Despite one or two reservations, this was a very good, fresh performance of Ein Deutsches Requiem. We heard two distinguished soloists and both the CBSO Chorus, trained by Julian Wilkins, and the orchestra were on excellent form. Mirga Gražinytė-Tyla and the CBSO are soon to embark on a tour of Germany and Austria. During the course of this they will perform Ein Deutsches Requiem twice in Vienna’s Musikverein on 15 and 16 March. They will be joined by tonight’s soloists but the CBSO Chorus won’t be making that particular trip: instead the orchestra will join forces with the Weiner Singverein.

John Quinn

Comments

Comments

  1. Cliff Haresign says:

    Hello John

    It’s me again!

    Thanks for your very thoughtful review of the Brahms Requiem. My wife and I were also in the audience. Like you, I have sung it several times, and I don’t remember ever being in the audience for it before, which is a quite different experience. I think, as a work, it is quite a hard ‘sell’ to an audience; as a performer you can enjoy countless little moments, but in the audience you have to take it as a whole.

    As you know, it is also quite brutal in its demands, especially for the sopranos and tenors. To sing the fugue in the 6th movement and still manage that glorious long line in the final movement takes a lot of doing, and I thought the sopranos and tenors did that wonderfully well. In fact, I think the Chorus sopranos are its crowning glory generally. Intonation and blend are generally excellent, and for this concert I thought the diction and quality of the German were also outstanding.

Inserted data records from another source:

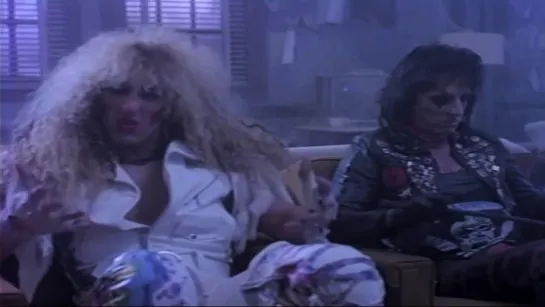 Twisted Sister feat. Alice Cooper - Be Chrool to Your Scuel (Official Music Video) © 1985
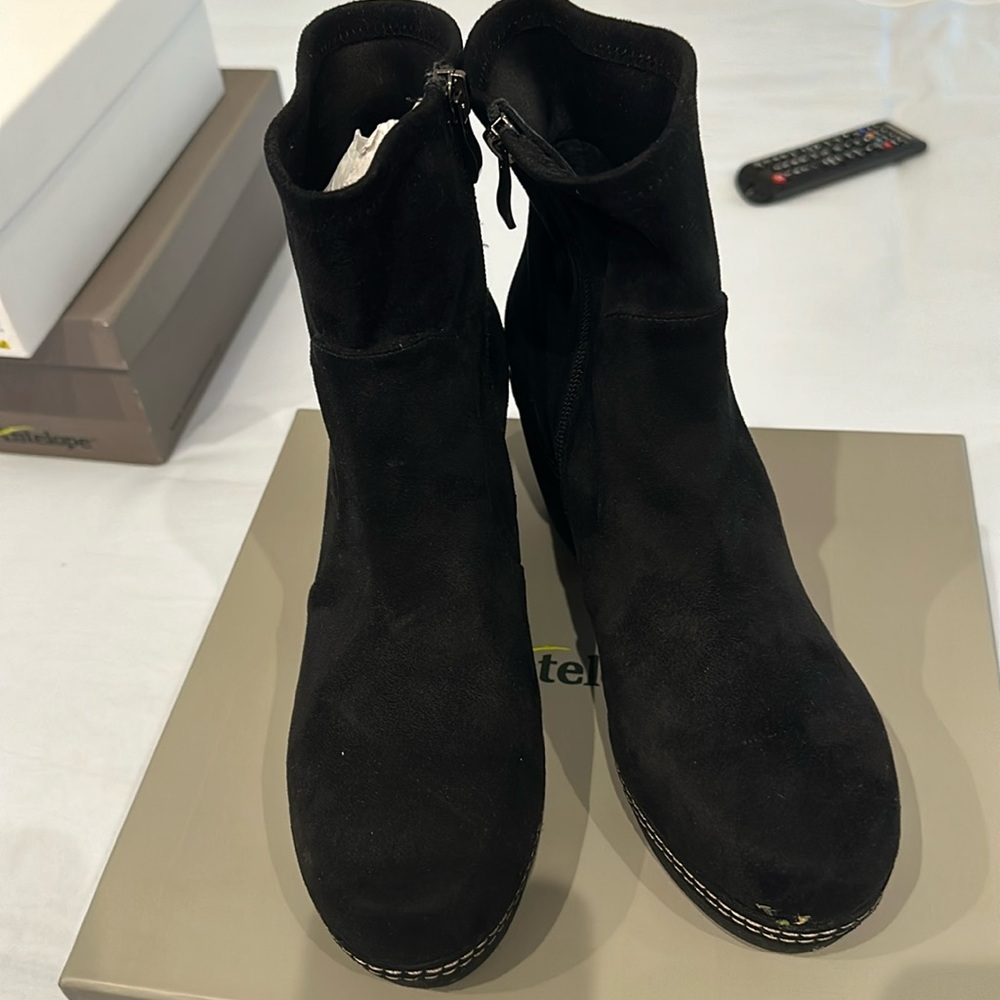 Black stitch booties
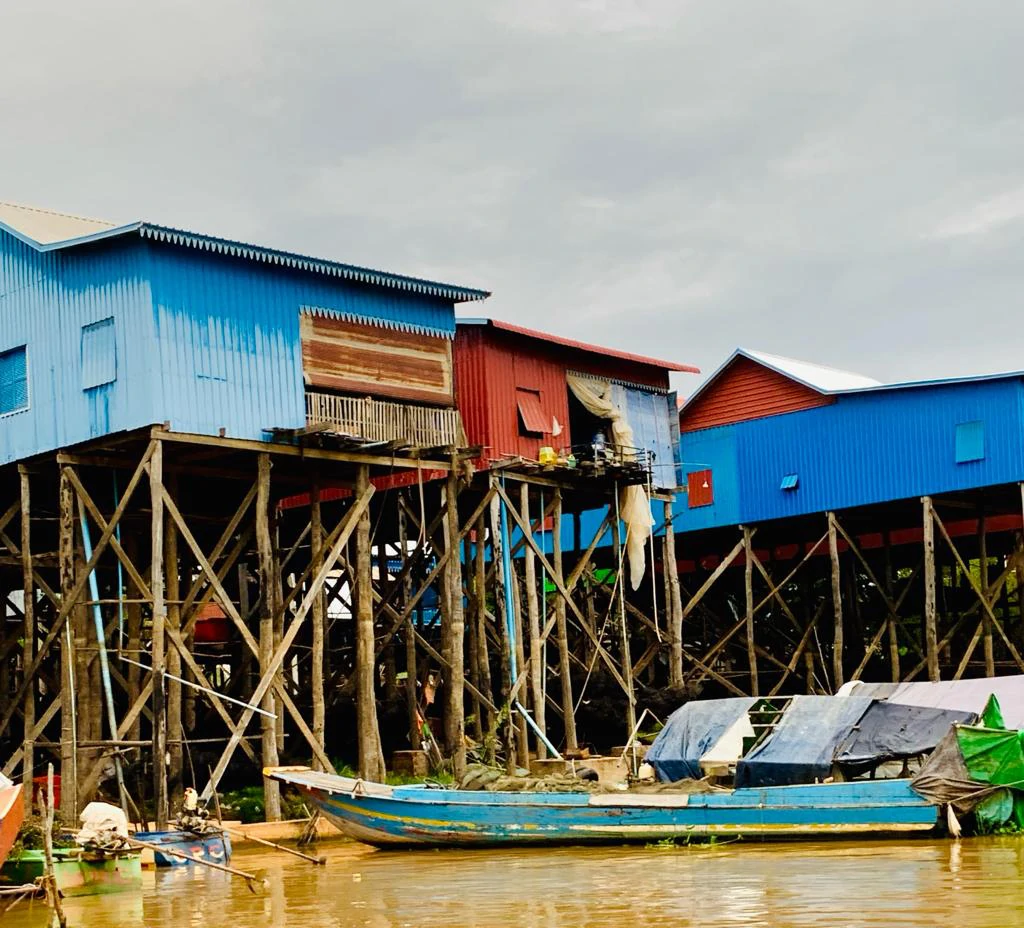 Aldea flotante en un viaje especial en Camboya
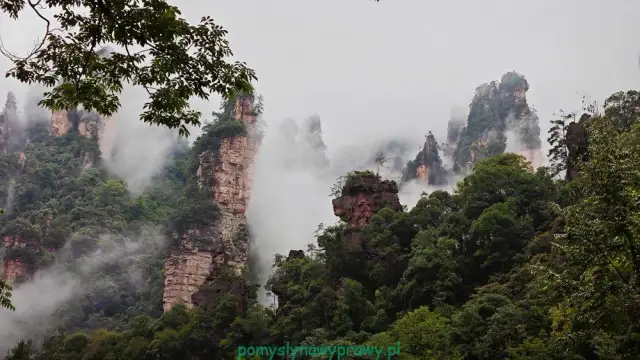 Chiny: 17 najpiękniejszych miejsc od Muru po góry Avatar!
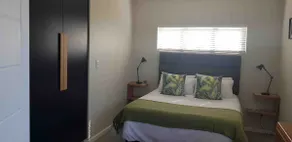 Modern 1 bedroom spacious flat in Durbanville - Image 2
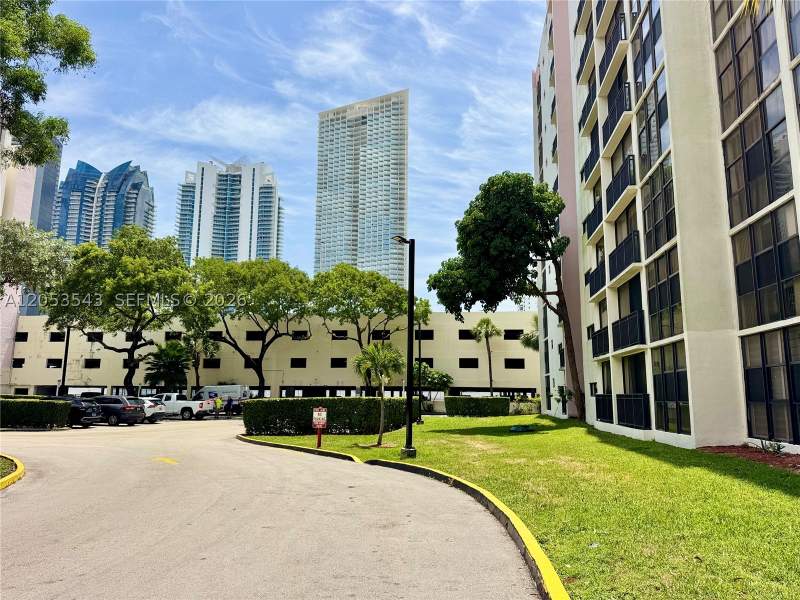 1 bedroom Condominium at 17011 N Bay Rd 117, Plaza Of Americas Condo P, Sunny Isles Beach — photo 2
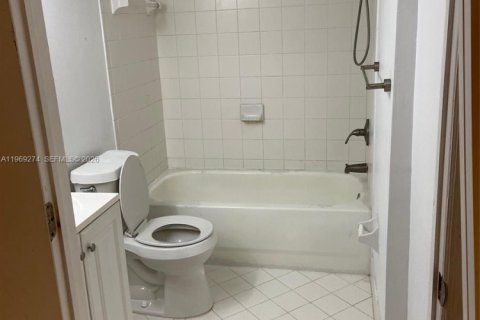 Condominio en alquiler en Homestead, Florida, 2 dormitorios, 76.37 m2 № 2030172 - foto 3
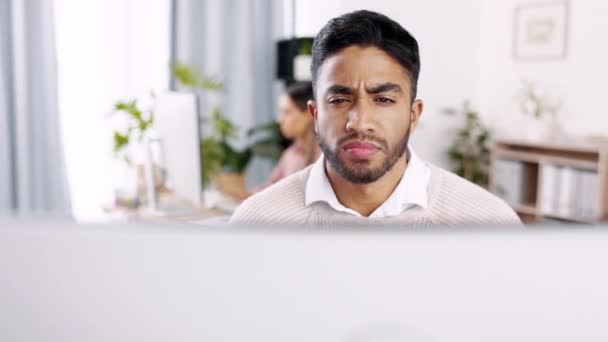 在公司项目的工作中 思考和男人在办公室里做研究 在现代工作场所规划公司报告的沉思 思考和印度男性商业雇员 — 图库视频影像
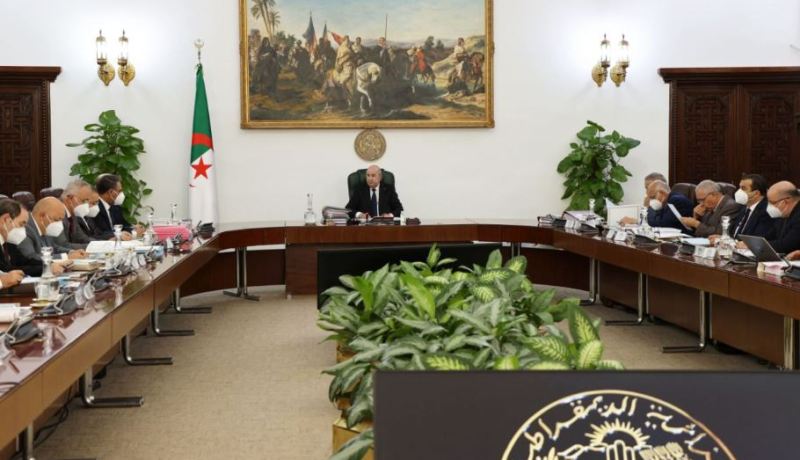 أوامر رئاسية بإعداد مخطط شامل لإستغلال تقنية الأقمار الاصطناعية للتزود بالأنترنت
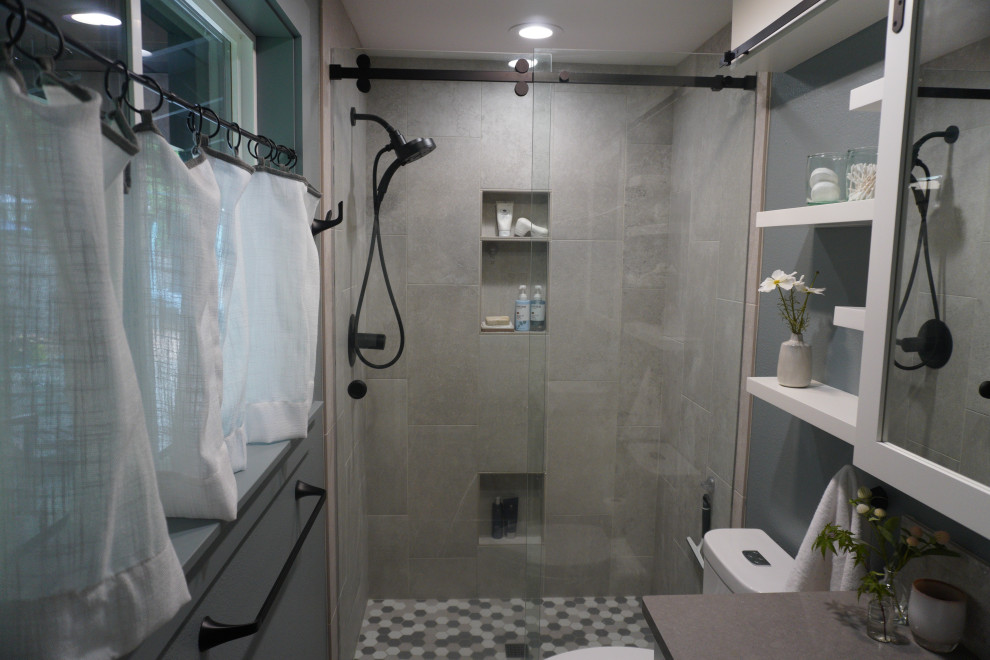 На фото: ванная комната среднего размера с фасадами в стиле шейкер, белыми фасадами, душевой кабиной, столешницей из искусственного кварца, тумбой под одну раковину и встроенной тумбой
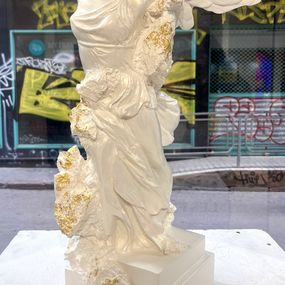 Sculpture, La Victoire de Samothrace, Les Frères Guinet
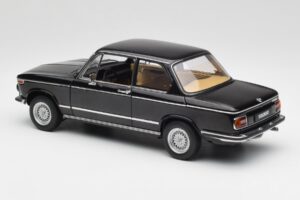 BMW 2002 L E10 Must AUTOart 1:18 70603 Metall - pilt 7/8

    I sang it the last time the Chorus did it a few years ago with Andrew Manze, and he took the fugues at a generally more ‘baroque’ tempo, which helps the choir a lot. Mirga certainly did the 3rd movement fugue at an exciting pace (!), but gave the choir no relief in that respect in the 6th movement.

    Mirga may sometimes choose stylistic options which you can debate, but for sure there is always a logic to them, as you know. She is such an interesting musician.

    I had not heard the soloists before, and was looking forward to hearing Florian Boesch; I was not disappointed. He was very dramatic. I also thought Camilla Tilling sang beautifully, although her type of voice is not my favourite, but that is just a personal thing.

    I felt the orchestra was totally committed, which is not always the case with an orchestra in a choral work. They really are a joy to listen to. It’s a pity the Chorus is not going to Vienna with them; Vienna’s loss!

    In terms of criticism, I think we are both are looking at the minutiae of the performance, but should also remind ourselves how lucky we are to hear a work like this performed at this level in such a wonderful hall.

    All the best,
    Cliff.

  2. John Quinn says:

    Cliff,

    Thank you for your thoughtful comments. I don’t disagree with anything you say, least of all your final paragraph.

    I think your point about the work being something of a ‘sell’ to audiences is well made. Wednesday’s spirited performance was (rightly) the antithesis to those who mistakenly regard the work as “morose”.

    I’m a tenor myself so I know what demands Brahms places on that section of the choir – and the sopranos are also consistently challenged, as you observe – but it’s all very rewarding to sing.